Key Financial Metrics To Consider Before Investing In Hydrogen Stocks
Hydrogen stocks have recently gained popularity and are still new to investors. Therefore, understanding how to identify investment-worthy shares within this alternative energy space is becoming more critical. This part of the energy sector is still mainly in its infancy, and plenty of additional research is needed to determine the best method to analyse these companies. However, in my experience so far, I’ve found a handful of financial metrics that I believe paint the clearest picture.
- Revenue Growth – This is the leading indicator of business growth. A hydrogen stock with decent revenue growth today indicates its ability to secure and fulfil new customer orders.

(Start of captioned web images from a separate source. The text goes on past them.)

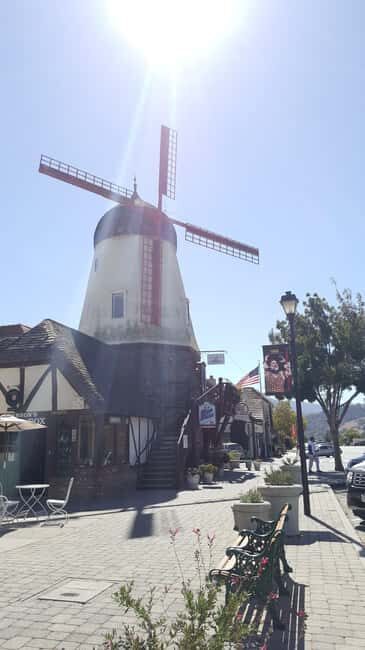 Private tour to Santa Barbara and Solvang from Los Angeles - Practicalities and Value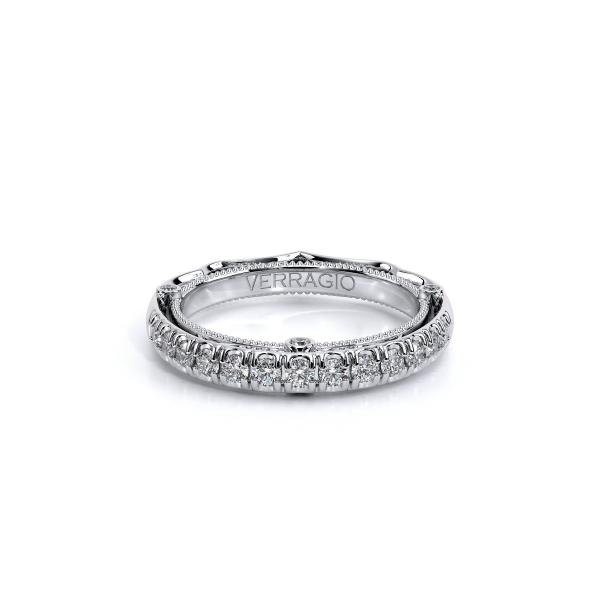 VENETIAN-5083W VERRAGIO Wedding Band Birmingham Jewelry
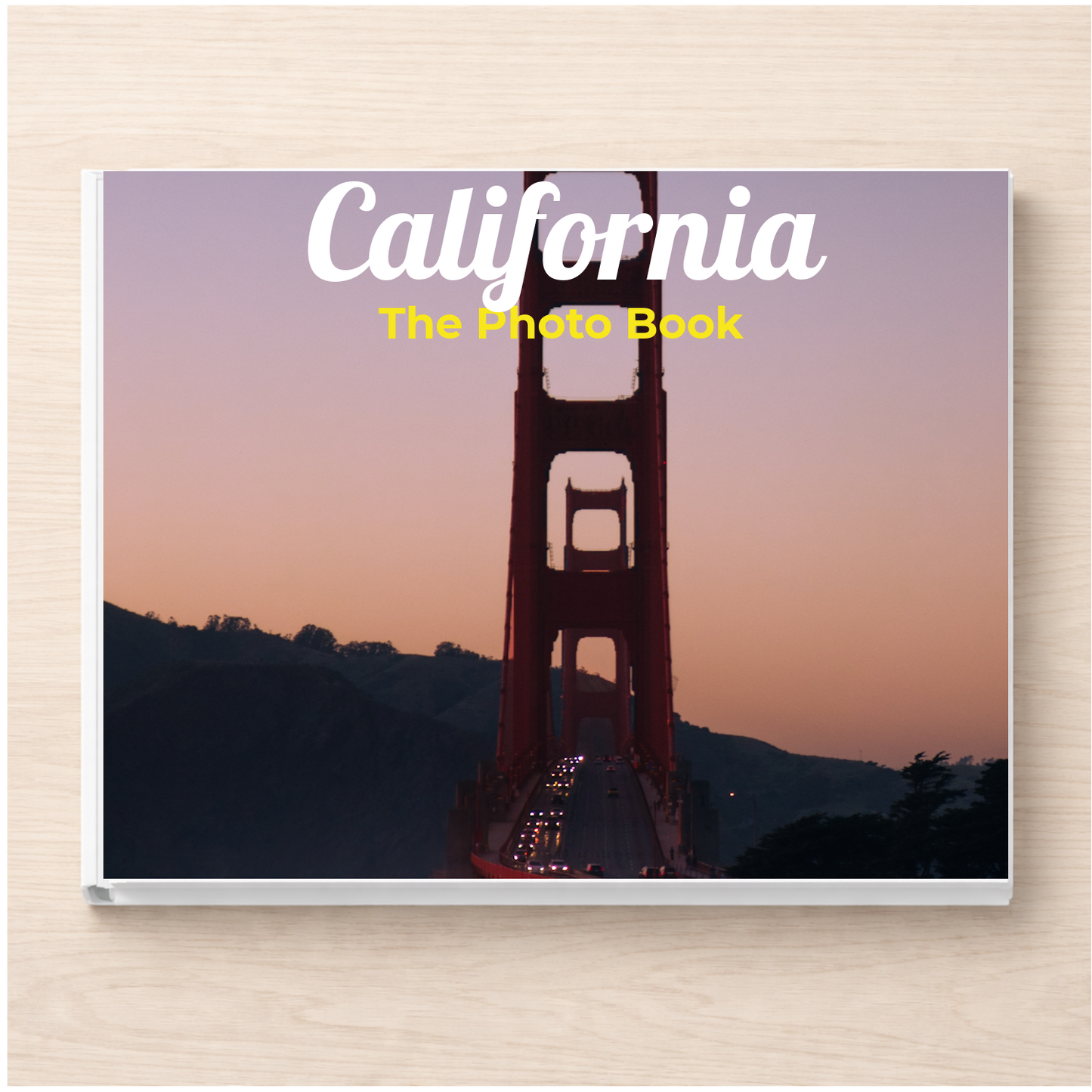 California: The Photo Book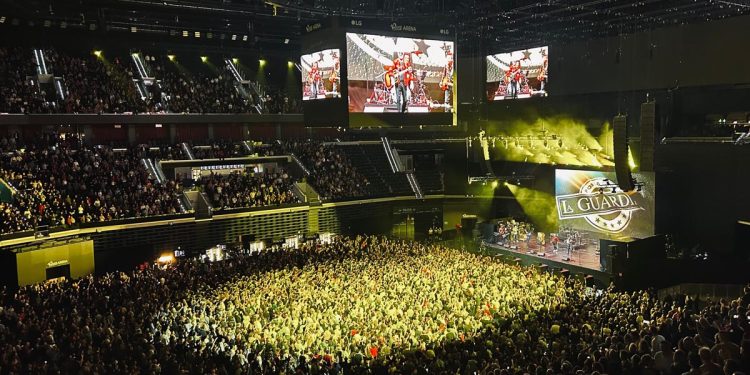 Locos por la Música - La Guardia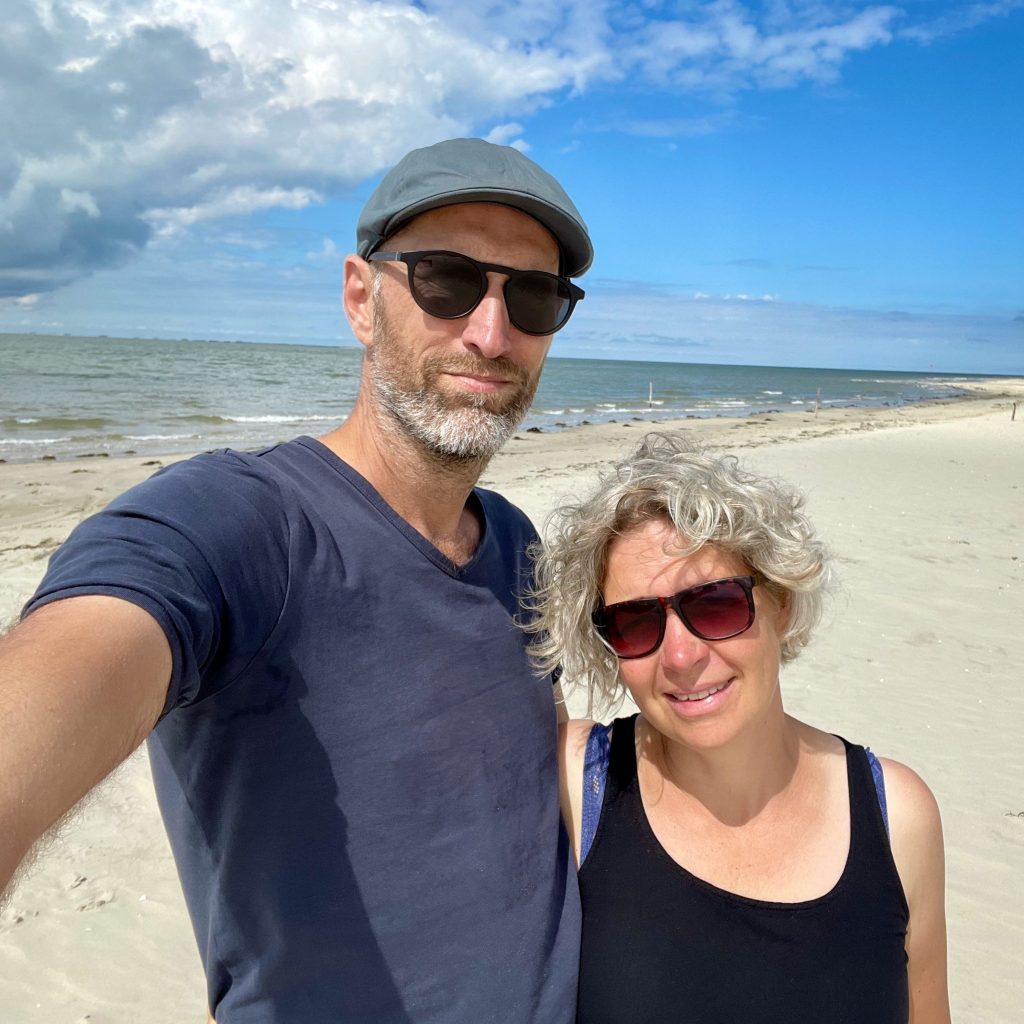 Eljee en Christine Bergwerff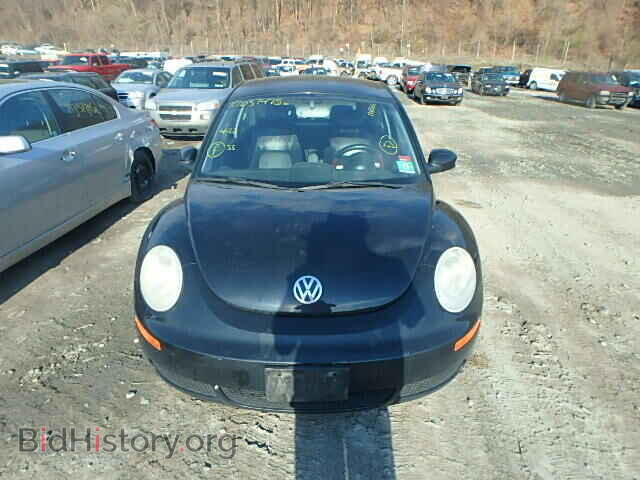 2007 VOLKSWAGEN BEETLE - VIN: 3VWPW31C37M512864 - Фото 9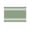 Sage Dark Green, variant on Sage Green Sun Shade Sail 6.5'x10' Rectangle Outdoor Shade Canopy, Farmhouse Sage Green White Striped Porch Shades Outdoor Sun Blocking Screen, Sunshade Cloth Covers for Patio/Deck/Garden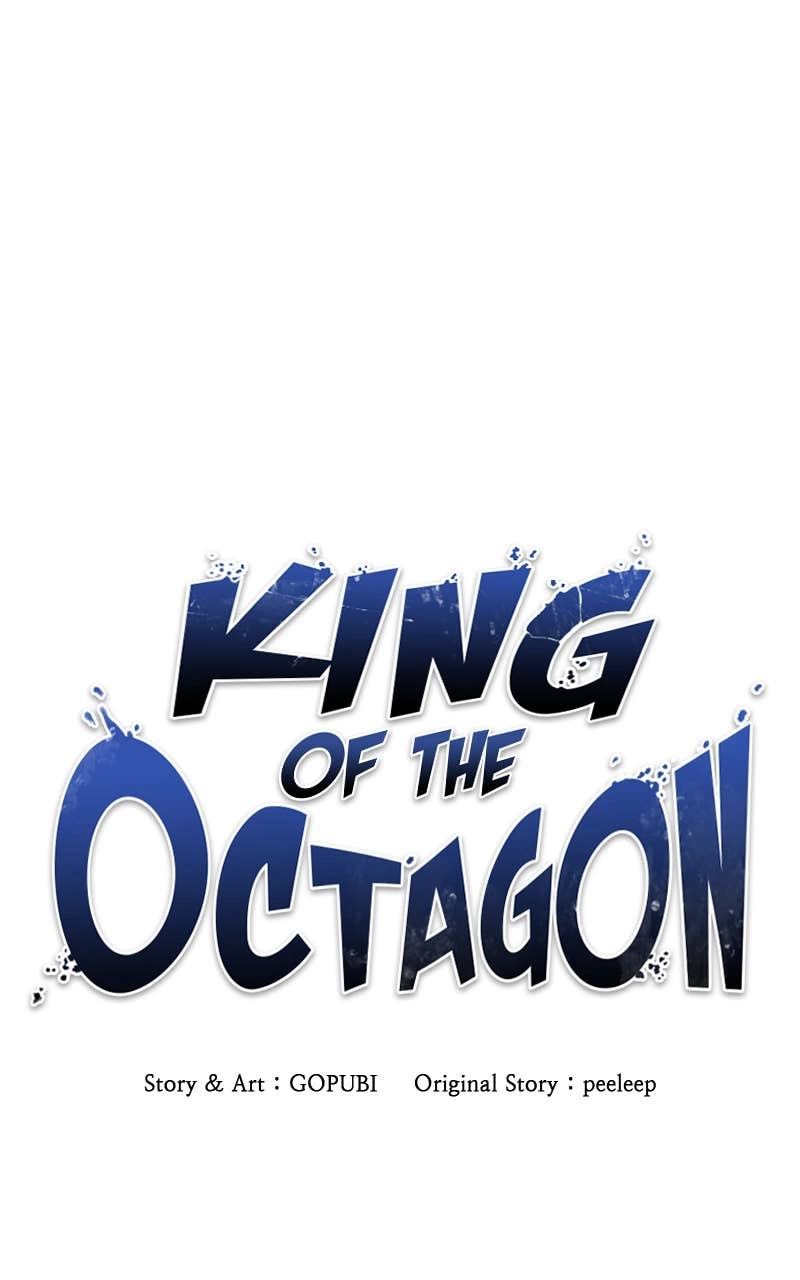 King of the Octagon Chapter 138 Page 10
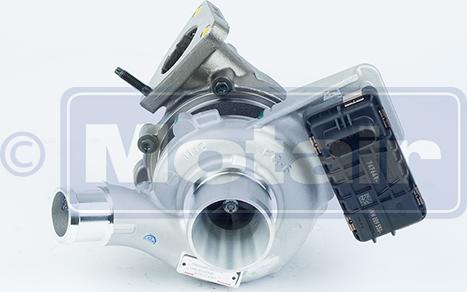 Motair Turbo 600538 - Turbocompresseur, suralimentation cwaw.fr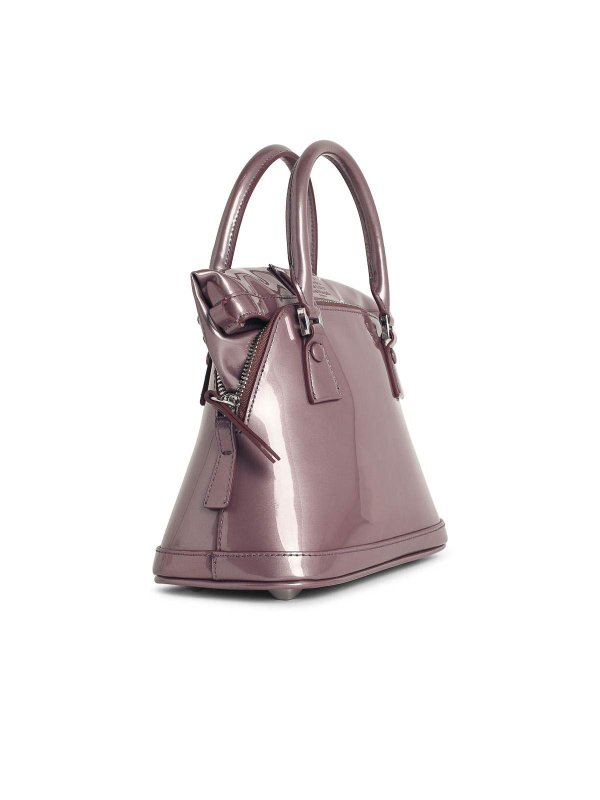 Maison Margiela: ショルダーバッグ online - ショルダーバッグ - 紫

- Profits – Eventually, every stock comes down to profitability for measuring business success. A steady increase in earnings represents a good operational performance. There aren’t that many hydrogen stocks in this advantageous position. But for those trending towards profitability, the days of relying on an external capital source are numbered.
- Market Value Chain – Value chains refer to all the activities that go into producing and understanding areas of cost savings and differentiation. And this is very important for new businesses like hydrogen stocks which can help optimise efforts, eliminate waste, and improve profitability.
- Return on Sales – This is one of the best financial metrics to identify the company’s operational efficiency.
Key Terms To Know Before Investing In Hydrogen Shares
Being able to analyse hydrogen stocks and shares is undoubtedly essential. However, this can sometimes be confusing, thanks to the jargon used throughout this sector. With that in mind, let’s go over some common expert terms often used in statements and presentations despite seldom being explained:
- Alkaline Fuel Cell (AFC) – A type of hydrogen and/or oxygen fuel cell in which the electrolyte is concentrated potassium hydroxide (KOH), and hydroxide ions (OH-) are transported from the cathode to the anode.
- CGH2 – Compressed Gaseous Hydrogen.
- CH2 – Compressed Hydrogen (also known as CGH 2).
- Combined Heat and Power (CHP) – also known as cogeneration, CHP is the use of a power station to simultaneously generate both heat and electricity.
- CNG – Compressed Natural Gas.
- CSAs – Consolidated Statistical Areas.
- Density – a measure of mass per unit of volume.
- DOE – US Department of Energy.
- EERE – Energy Efficiency and Renewable Energy.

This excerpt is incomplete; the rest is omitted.